Siempre me atrajo, sigue Amalia, el mundo de los hombres. Conozco de primera mano la incandescencia del hierro cuando sale de la fragua, y cuánto vibra el aro de llanta al ser montado sobre la rueda de un sulky. Mis hermanos martillaban con la fuerza precisa y delicada de toda su osamenta; gotas de sudor les saltaban de la frente, caían sobre el fierro y se evaporaban en un chistido. Al terminar la jornada, entre el silencio y las virutas de cedro, jugaba a colgarme del fuelle, lo usaba de balancín. Imaginaba todos los caminos que se le abrían a la rueda, los lugares recónditos que yo misma alcanzaría si era tenaz en mis esfuerzos. Lo que más deseaba era ser una buena alumna. No sabés lo que fue mi alegría cuando el Inspector de Escuelas escribió su nota en mi cuaderno de deberes. Si me parece verla. Una caligrafía impecable, debajo de un mapa del país que yo misma había trazado y coloreado a mano hasta el último detalle. Yo entendí que el famoso Premio de la Patria era algo empaquetado que me iba a llegar por el correo.
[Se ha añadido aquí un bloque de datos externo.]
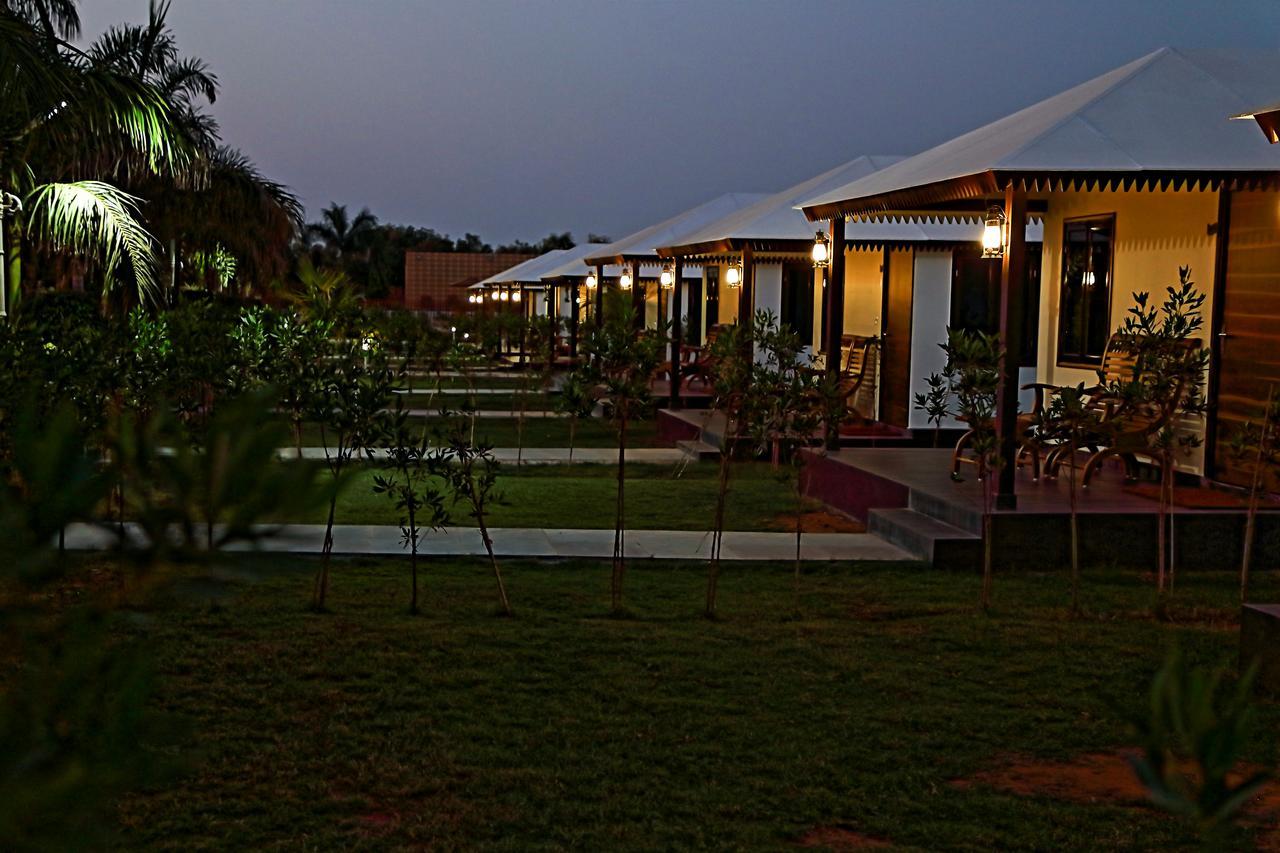Dream Resort Bhuj Eksteriør billede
Llevó unas horas descargar el tren de las 17. Las nubes enrojecieron y, una a una, se fueron disolviendo en la noche. La abuela se acercó al guarda, le tiró de la camisa, iba a preguntarle: ¿Mañana? Pero de sólo pensar en esa pregunta, la respuesta se le atragantó. Nadie iba a premiarla. En la próxima etapa de su viaje no habría papá y mamá, ni maestros, para el juego de hacer buena letra o de mandarse travesuras. A partir de ese momento, dice Amalia, las palabras del inspector cobraron un sentido nuevo. Desde esa primavera, la vida se le presentó «más grande, más importante». Lo que no cuenta es que, antes de salir de la estación, tuvo que sentarse al borde de las vías. Lloró por todos los trenes que habían pasado y los que nunca llegarían. Y a la hora justa —un momento ordinario, sin atraso ni adelantado— tomó su infancia entre los brazos. La consoló. Y, sin previo aviso, la arrojó a los rieles para que fuera arrollada por el paso inexorable de los años. Se tapó los ojos; sus oídos no tuvieron defensa.